Let me preface this next part by saying that some children are naturally by personality more prone to keeping things clean and tidy, and some are the opposite. Also, although the goal is to learn before 10, you will most likely need to keep reinforcing this lesson until they leave home. In the end I found that there are 6 methods that worked well for me:
- Simple explanations: "We pick up toys so people wont hurt their feet." (No discussion)
- Break it down into smaller tasks when they're young.
- Praise each attempt at keeping anything clean and tidy.
- Let them "help you" with daily chores when they are very young (2 to 4), and as they get older assign tasks that they have mastered as "their job", but also ask them to help with other tasks.
- Don't segregate tasks by gender!
- Model the behavior & attitude you want your kids to have.

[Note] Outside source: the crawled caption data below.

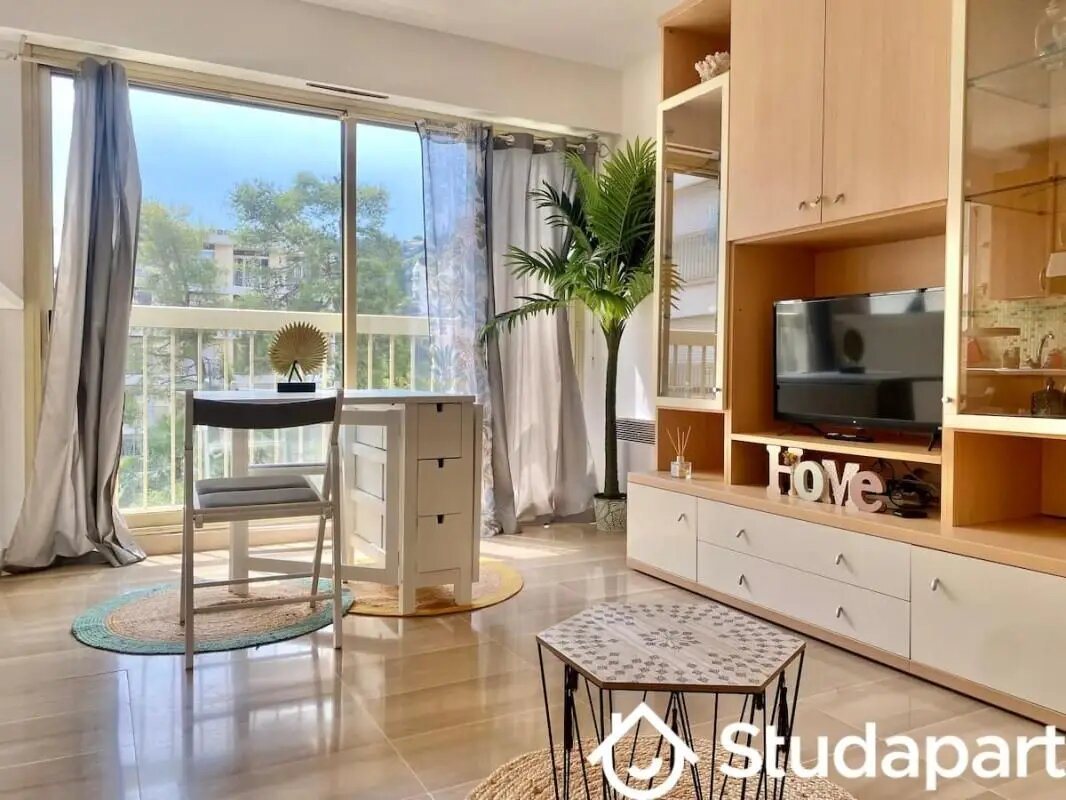 Appartement à louer, 28m², Menton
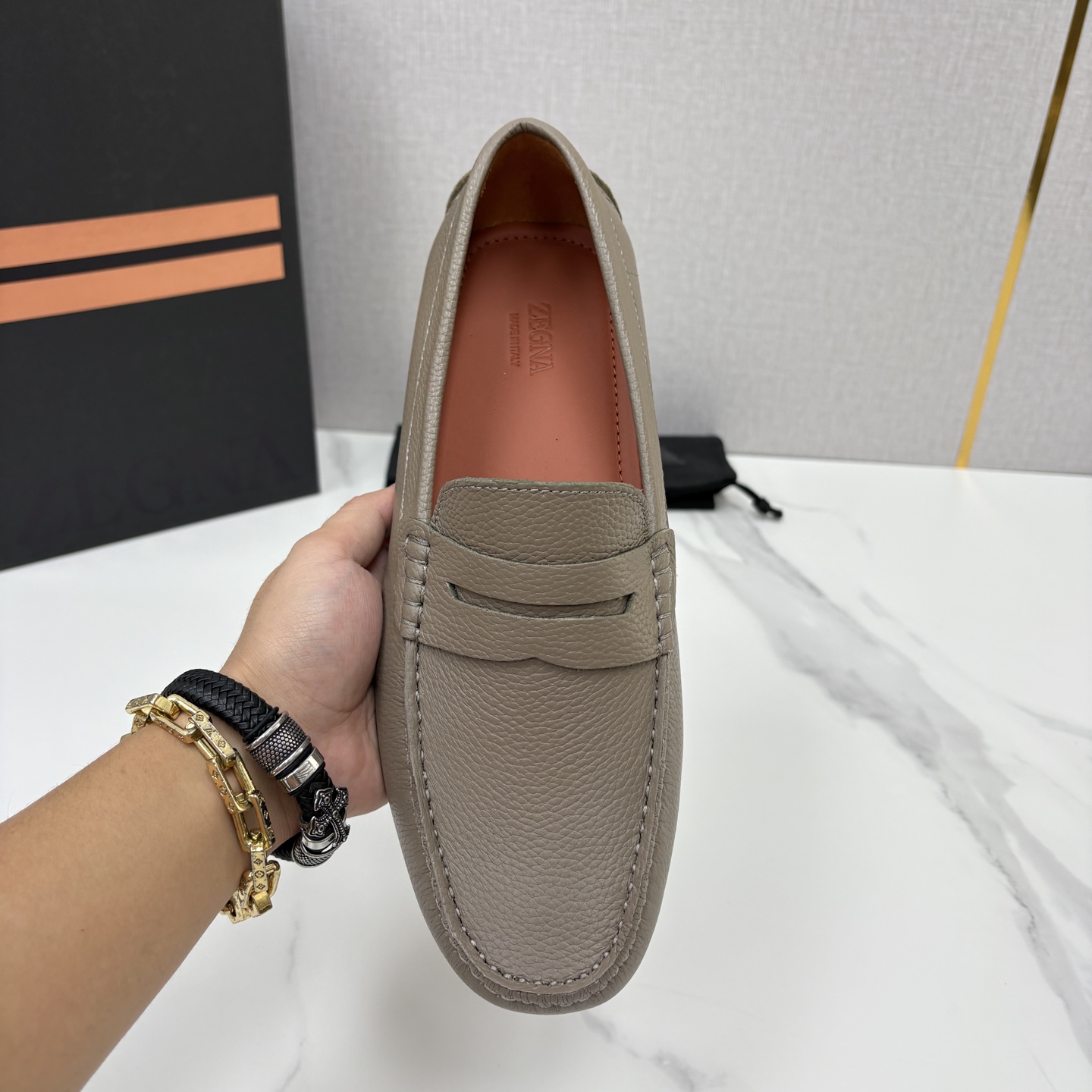💋💍 代购级 杰尼~亚 Z Zngn* PELLETESSUTA™ 驾车鞋 一脚蹬乐福鞋 此款豆豆鞋采用进口荔 💋💍 代购级 杰尼~亚 Z Zngn* PELLETESSUTA™ 驾车鞋 一脚蹬乐福鞋 此款豆豆鞋采用进口荔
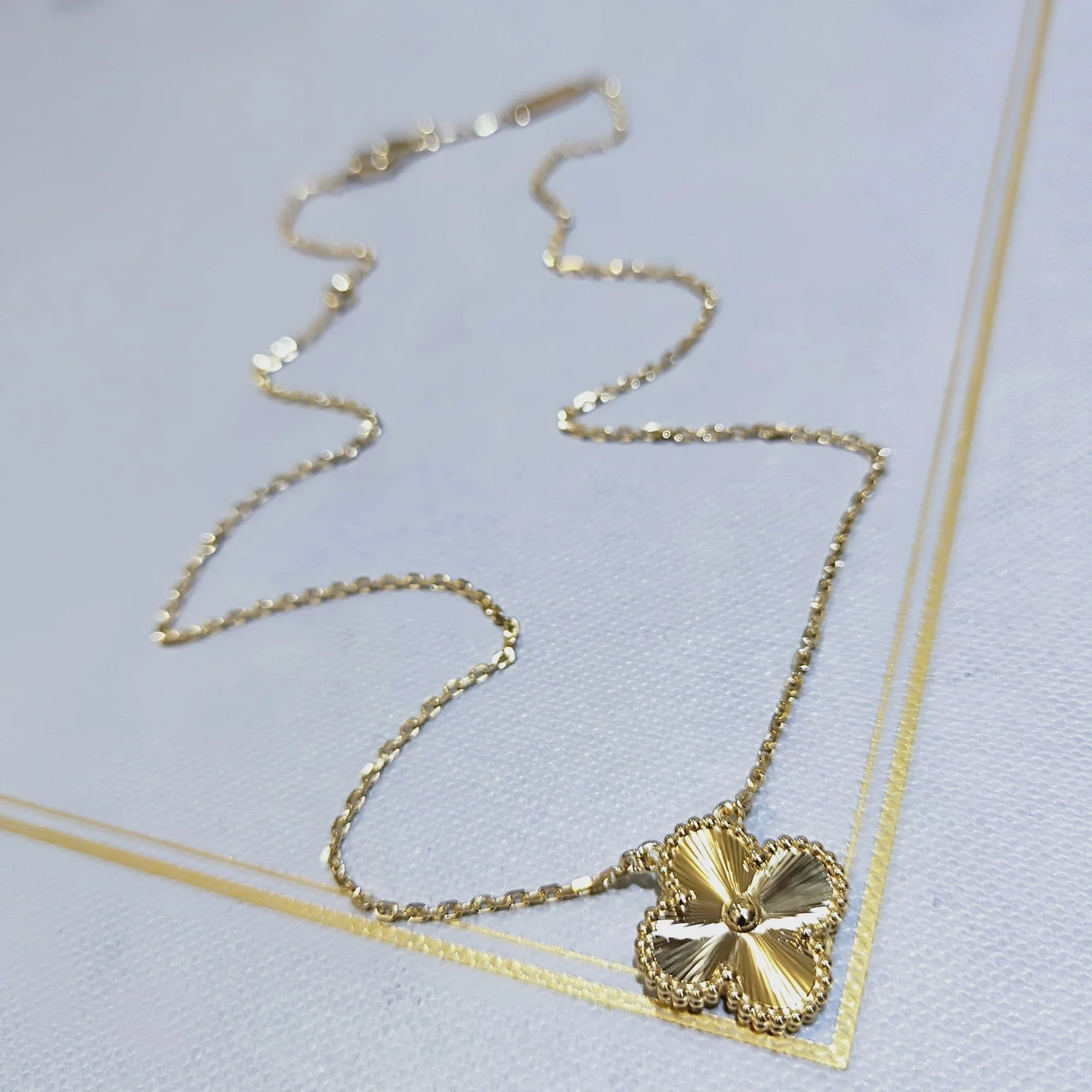 Van Ville - Колье 074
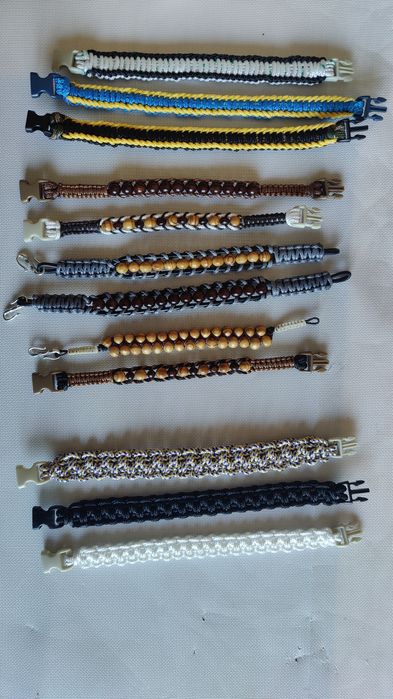 Браслети з паракорду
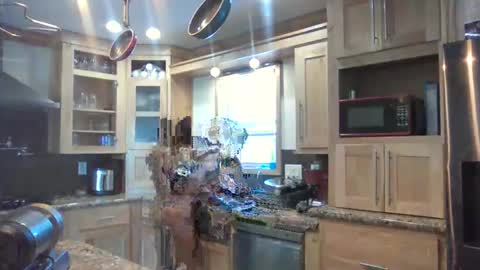 fancywest online show from October 1, 9:02 pm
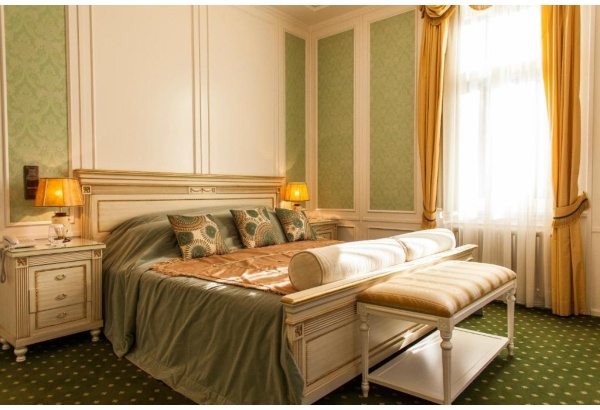 Nocleg w eleganckim pokoju Szmaragd w hotelu „TB Hotel & SPA”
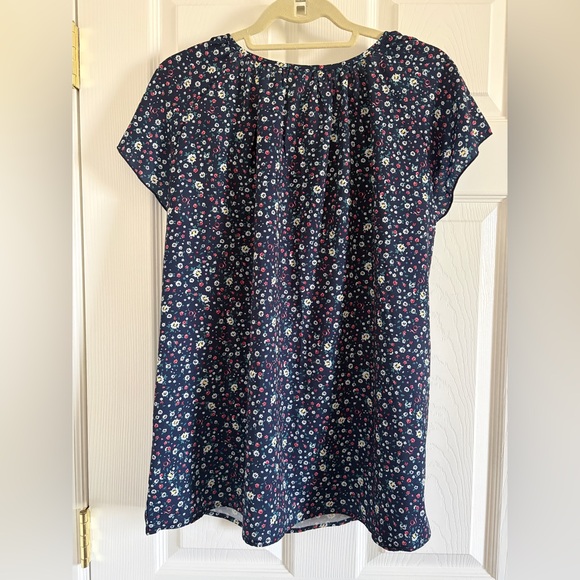 Floral Navy Blouse - Picture 2 of 4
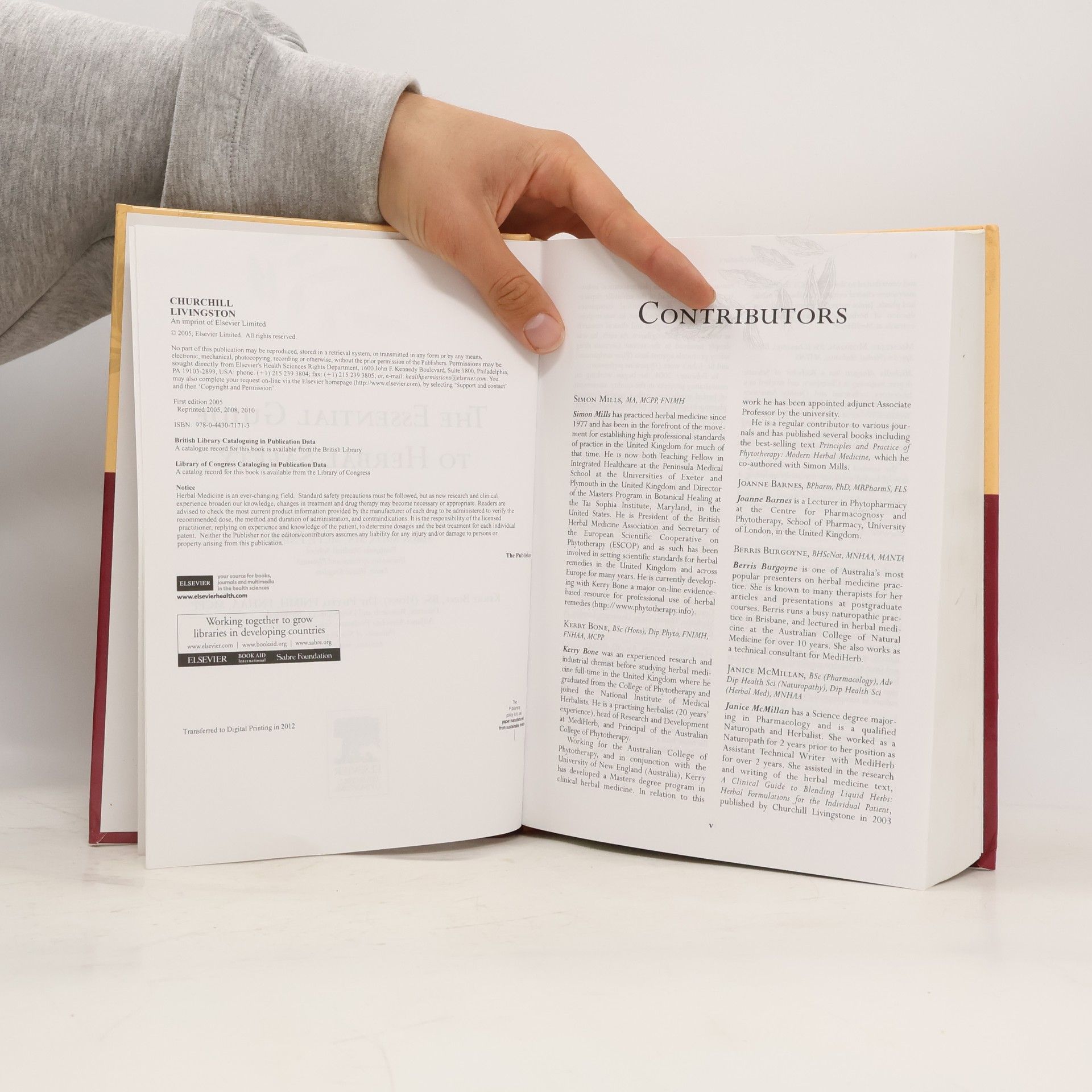 Simon Y. Mills The Essential Guide to Herbal Safety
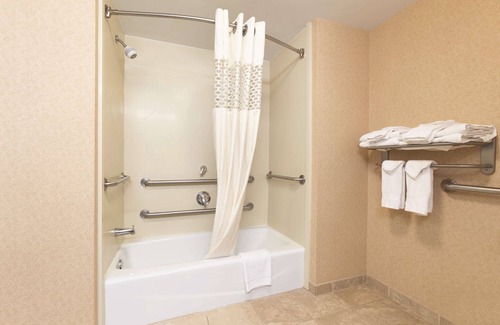 Greenfield Hotel | Hampton Inn & Suites Greenfield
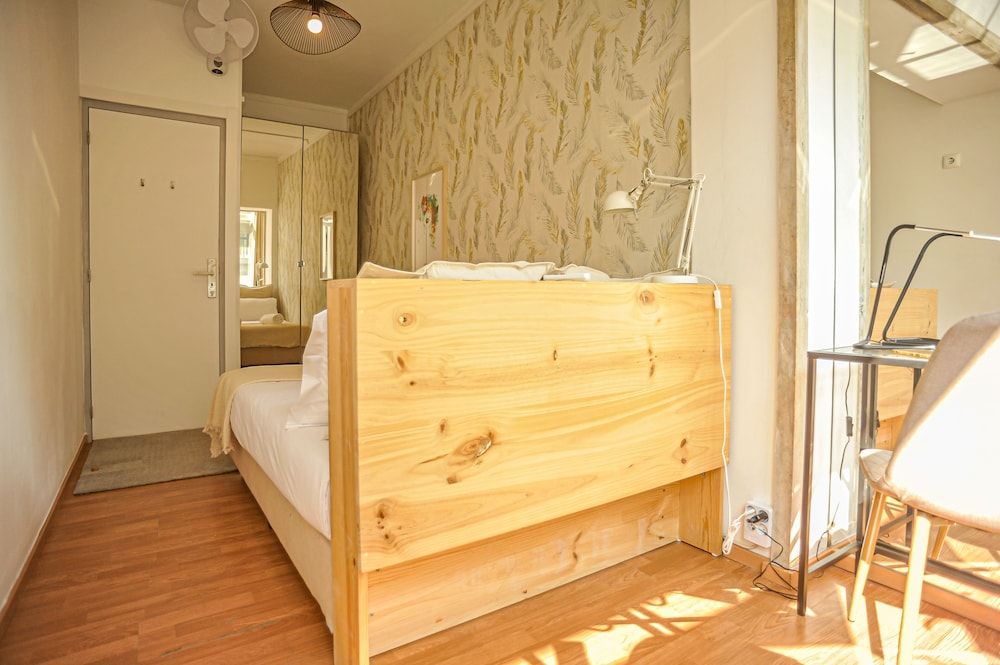 My Fair Lisbon -modern flat with elevator in central Lisbon Double Room, Shared Bathroom (3) 2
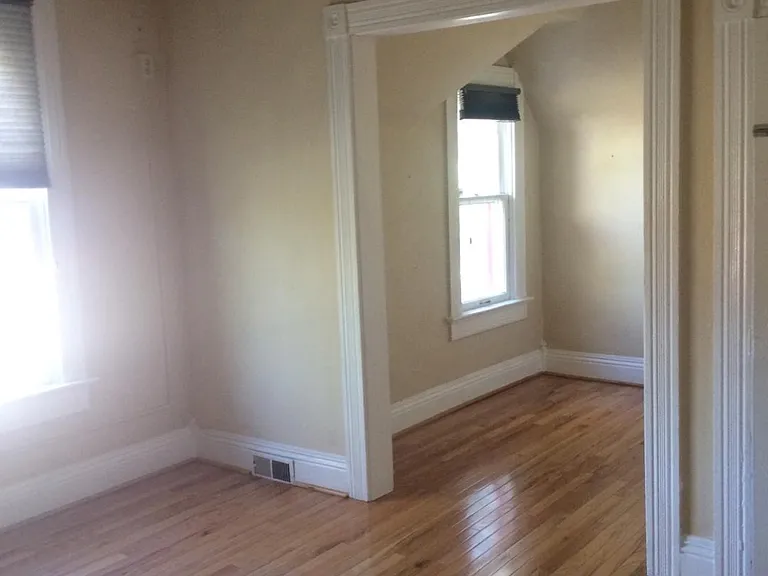 3425 Bryant St — Photo 9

#5 - Gender association happens even if you don't intend for it to. Naturally, little girls want to be like their mom, and little boys want to be like their dad; nothing wrong with that. If dad does dishes and vacuums then it's more likely your boys won't mind learning those tasks as well. If boys & girls grow up seeing that mom does all the housework and dad does all the yard work, they will most likely imitate this behavior unless you actively train & encourage them (or pay them) to learn the other tasks. A home will run more smoothly and easily if everyone can pitch in without much gender bias. If your son can learn to do his laundry, wash dishes and clean the bathroom he'll be better prepared for living on his own, and his future wife will thank you. Your daughter will also be inclined to find a better companion if she expects a man to be able to take care of himself, and she doesn't feel like she "needs" a man to take care of her. That doesn't mean we can't help each other, on the contrary, we can understand how to help others better the more self-sufficient we are.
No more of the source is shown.